I would like to take a general 5 x 5 matrix which is a triangular matrix "upside down", i.e.
$$A = \begin{pmatrix} 0 & 0 & 0 & 0 & a\\ 0 & 0 & 0 & b & c\\ 0 & 0 & d & e & f \\ 0 & g & h & i & j \\ m & n & o & p & q \\ \end{pmatrix}$$
And convert it to a triangular matrix. By Schur's Theorem (the Schur Decomposition), there is a Unitary matrix $U$ so that $U^{*}AU$ is upper triangular. Mathematica doesn't want to do it with parameters, nor does it even want to do it if I put in integers (something about infinite precision). In any case, I really need the unitary matrix, as well as the triangular matrix that results.
What I am hoping for is this: Going back the other way, I hope that for such a unitary matrix $U$, that for any (5x5) triangular matrix $T$, $U^{*}TU$ is "upside-down triangular," even if the entries end up in different spots.

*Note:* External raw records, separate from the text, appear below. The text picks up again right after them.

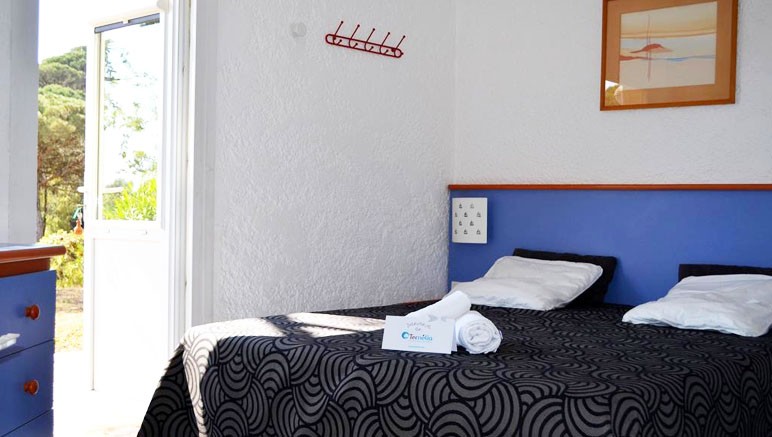 Vente privée Domaine de Villepey – Chambre avec deux lits simples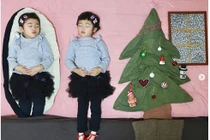 Mẹ Nhật biến giấc ngủ của hai con thành những hình ảnh ngộ nghĩnh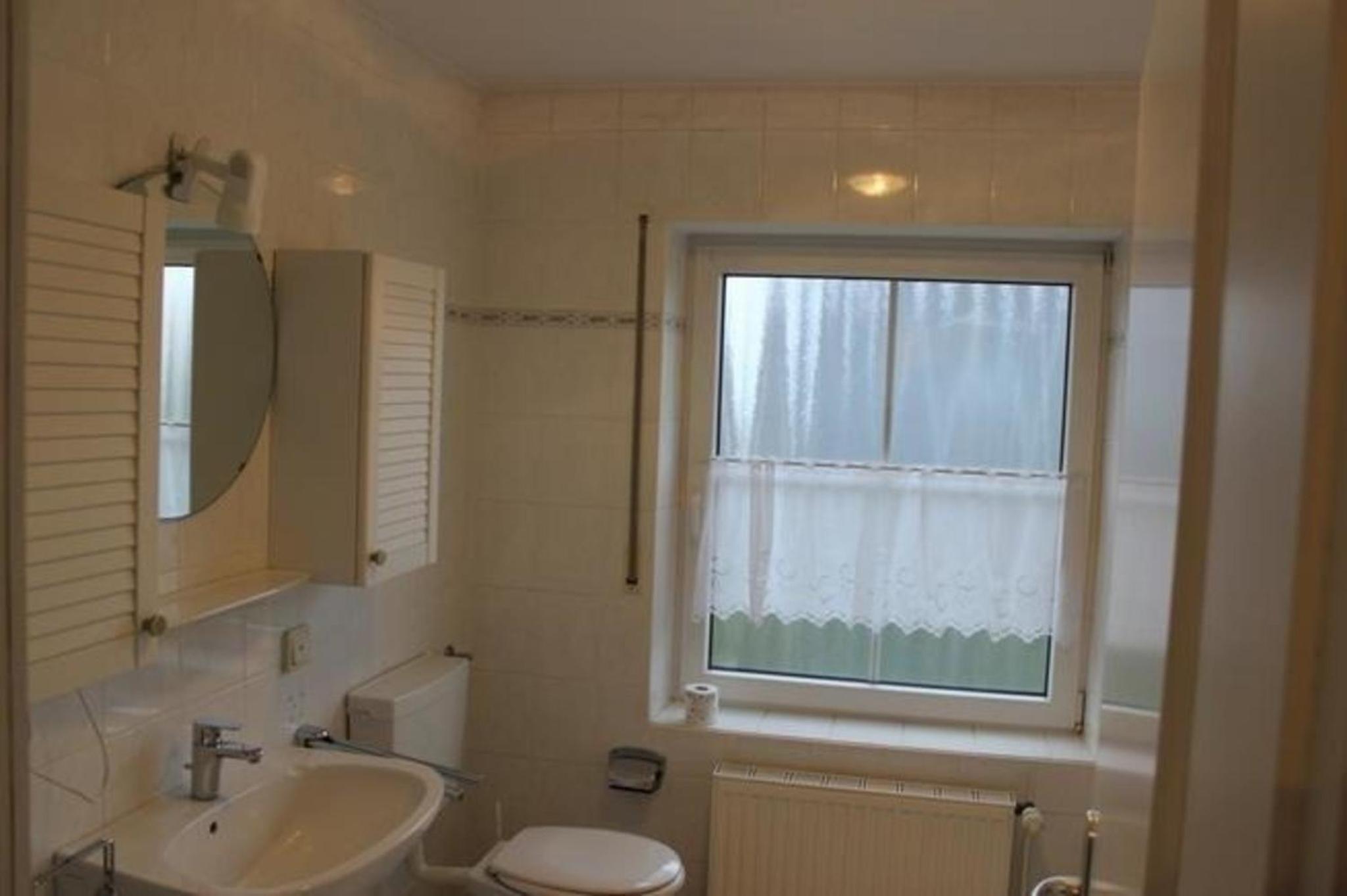 Ferienwohnung in Burhave mit Grill und Garten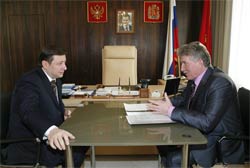 Александр Хлопонин и Александр Рузанов. Фото пресс-службы губернатора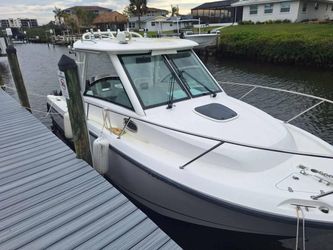28' Boston Whaler 2013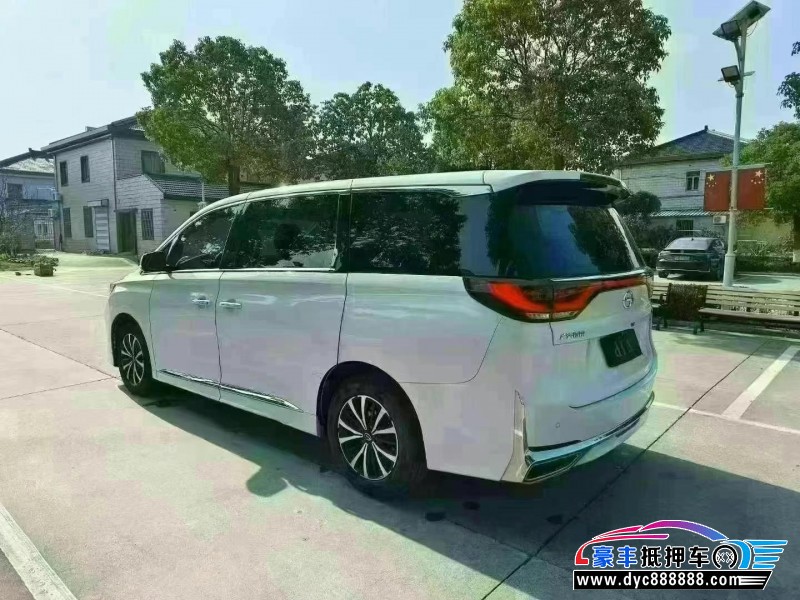 23年传祺M8轿车抵押车出售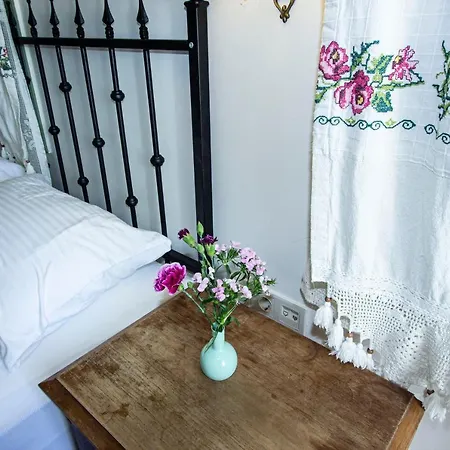 Opus 1910 Szálloda *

Proving that would be enough, even if it can be proven abstractly without finding a form for $U$.
There exists no unitary matrix $U$ such that for every triangular matrix $T$, $UTU^*$ is upside-down triangular.
To see this, it suffices to note that the identity matrix $I$ is triangular, but that $UIU^* = UU^* = I$ will fail to be upper-triangular for any unitary matrix $U$.